Julia Cameron, author of The Right to Write, says, “We should write because it is human nature to write…because humans are spiritual beings and writing is a powerful form of prayer and meditation, connecting us both to our own insights and to a higher and deeper level of inner guidance as well…

“We should write, above all, because we are writers whether we call ourselves writers or not. The Right to Write is a birthright, a spiritual dowry that gives us the keys of the kingdom. Higher forces speak to us through writing. Call them inspiration, the Muses, Angels, God, Hunches, Intuition, Guidance, or simply a good story – whatever you call them, they connect us to something larger than ourselves that allows us to live with greater vigor and optimism.”

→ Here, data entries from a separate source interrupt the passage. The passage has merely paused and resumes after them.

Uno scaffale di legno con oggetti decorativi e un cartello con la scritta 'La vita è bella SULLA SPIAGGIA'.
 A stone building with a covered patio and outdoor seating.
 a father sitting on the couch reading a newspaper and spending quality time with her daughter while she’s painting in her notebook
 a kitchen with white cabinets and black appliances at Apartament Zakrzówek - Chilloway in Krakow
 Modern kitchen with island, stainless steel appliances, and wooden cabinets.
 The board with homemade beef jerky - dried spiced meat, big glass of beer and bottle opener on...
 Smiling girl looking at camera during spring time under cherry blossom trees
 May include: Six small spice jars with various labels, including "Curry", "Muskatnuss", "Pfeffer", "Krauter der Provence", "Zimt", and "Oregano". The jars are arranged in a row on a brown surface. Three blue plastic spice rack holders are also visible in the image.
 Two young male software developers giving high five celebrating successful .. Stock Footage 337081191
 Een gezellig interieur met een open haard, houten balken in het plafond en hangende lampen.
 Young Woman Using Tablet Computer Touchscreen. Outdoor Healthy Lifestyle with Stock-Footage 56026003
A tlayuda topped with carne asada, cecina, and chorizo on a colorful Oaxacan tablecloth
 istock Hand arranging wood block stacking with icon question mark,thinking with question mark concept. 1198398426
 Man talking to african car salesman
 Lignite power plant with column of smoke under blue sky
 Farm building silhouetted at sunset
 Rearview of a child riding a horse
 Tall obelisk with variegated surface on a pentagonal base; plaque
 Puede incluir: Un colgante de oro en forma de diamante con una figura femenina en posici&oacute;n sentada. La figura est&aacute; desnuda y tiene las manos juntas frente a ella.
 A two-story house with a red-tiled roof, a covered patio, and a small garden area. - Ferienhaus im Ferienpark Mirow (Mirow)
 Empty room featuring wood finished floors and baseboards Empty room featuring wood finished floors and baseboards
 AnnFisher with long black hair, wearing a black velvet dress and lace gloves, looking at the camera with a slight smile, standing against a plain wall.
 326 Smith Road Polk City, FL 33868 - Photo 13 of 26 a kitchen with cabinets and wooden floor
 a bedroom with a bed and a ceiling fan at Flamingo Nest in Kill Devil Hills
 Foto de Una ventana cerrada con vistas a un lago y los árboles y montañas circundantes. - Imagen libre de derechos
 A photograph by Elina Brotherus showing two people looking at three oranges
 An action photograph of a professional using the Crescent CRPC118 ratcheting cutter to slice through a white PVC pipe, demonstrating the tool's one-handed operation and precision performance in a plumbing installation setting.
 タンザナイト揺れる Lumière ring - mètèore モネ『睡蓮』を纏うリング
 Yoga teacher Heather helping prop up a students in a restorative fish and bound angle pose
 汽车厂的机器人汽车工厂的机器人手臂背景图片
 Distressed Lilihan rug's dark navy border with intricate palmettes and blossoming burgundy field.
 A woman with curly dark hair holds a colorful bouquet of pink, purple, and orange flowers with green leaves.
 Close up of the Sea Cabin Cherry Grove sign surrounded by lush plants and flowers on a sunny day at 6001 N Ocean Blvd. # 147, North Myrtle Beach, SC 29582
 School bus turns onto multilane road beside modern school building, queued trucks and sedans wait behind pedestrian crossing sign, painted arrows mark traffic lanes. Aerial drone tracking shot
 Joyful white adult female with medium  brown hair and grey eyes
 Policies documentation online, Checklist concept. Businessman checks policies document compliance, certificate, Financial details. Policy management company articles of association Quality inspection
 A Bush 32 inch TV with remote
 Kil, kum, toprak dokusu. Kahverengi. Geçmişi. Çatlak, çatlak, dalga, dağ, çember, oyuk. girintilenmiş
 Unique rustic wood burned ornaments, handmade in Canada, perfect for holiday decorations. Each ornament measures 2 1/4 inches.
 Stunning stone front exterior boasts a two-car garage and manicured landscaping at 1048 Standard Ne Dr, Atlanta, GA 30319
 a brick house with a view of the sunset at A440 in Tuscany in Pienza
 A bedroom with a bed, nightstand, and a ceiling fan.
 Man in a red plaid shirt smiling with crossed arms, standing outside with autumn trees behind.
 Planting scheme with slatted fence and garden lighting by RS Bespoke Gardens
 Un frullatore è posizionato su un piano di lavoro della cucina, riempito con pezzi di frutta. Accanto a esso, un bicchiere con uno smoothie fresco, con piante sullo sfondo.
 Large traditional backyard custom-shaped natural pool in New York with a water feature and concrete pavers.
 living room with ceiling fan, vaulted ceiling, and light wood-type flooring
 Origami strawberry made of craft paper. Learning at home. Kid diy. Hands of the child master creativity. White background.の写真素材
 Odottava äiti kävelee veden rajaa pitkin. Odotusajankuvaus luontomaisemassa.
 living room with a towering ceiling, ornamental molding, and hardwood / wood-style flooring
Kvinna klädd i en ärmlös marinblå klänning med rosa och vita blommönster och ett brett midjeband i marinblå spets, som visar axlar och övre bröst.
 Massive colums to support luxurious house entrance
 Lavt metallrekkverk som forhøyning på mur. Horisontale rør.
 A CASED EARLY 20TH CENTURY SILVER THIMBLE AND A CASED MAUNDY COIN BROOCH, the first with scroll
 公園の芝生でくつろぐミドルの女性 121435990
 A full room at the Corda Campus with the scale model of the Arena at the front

This is a whole new way of looking at something that I’ve done all my life. For me, writing was not particularly spiritual or enlightening, but infinitely more basic, and not especially glamorous – like scratching an itch, or letting a pet out to do its business in the garden. It was something I did to appease an impulse, a soundless voice, that woke up now and then inside of me, insisting on being let out. If I tried to ignore it, it resorted to begging and then to torture.

I’ve been scribbling ever since I was a small child but selfishly, for most of my life I kept my writing to myself. Secretly I thought that some of it was actually quite good, but I wasn’t so sure that others would feel the same way, and I didn’t want to risk criticism, ridicule, or even worse, smiling tolerance and a pat on the head.

As I grew older, writing went from something I hid to something I outright denied. Writing was all very well when you wanted to lose yourself in another world, exorcise a demon, or bring a fantasy to life, but it didn’t do much to pay the bills or put food on the table. And so for a while I stopped writing altogether.

Thankfully, I think the line that’s my writing life is starting to curve back on itself to come full circle. I’ve found a genre I’m comfortable in – narrative journalism – and which I’m becoming quite passionate about, because it enables me to tell stories but at the same time remain grounded in reality, and because it brings together everything I love: words and people.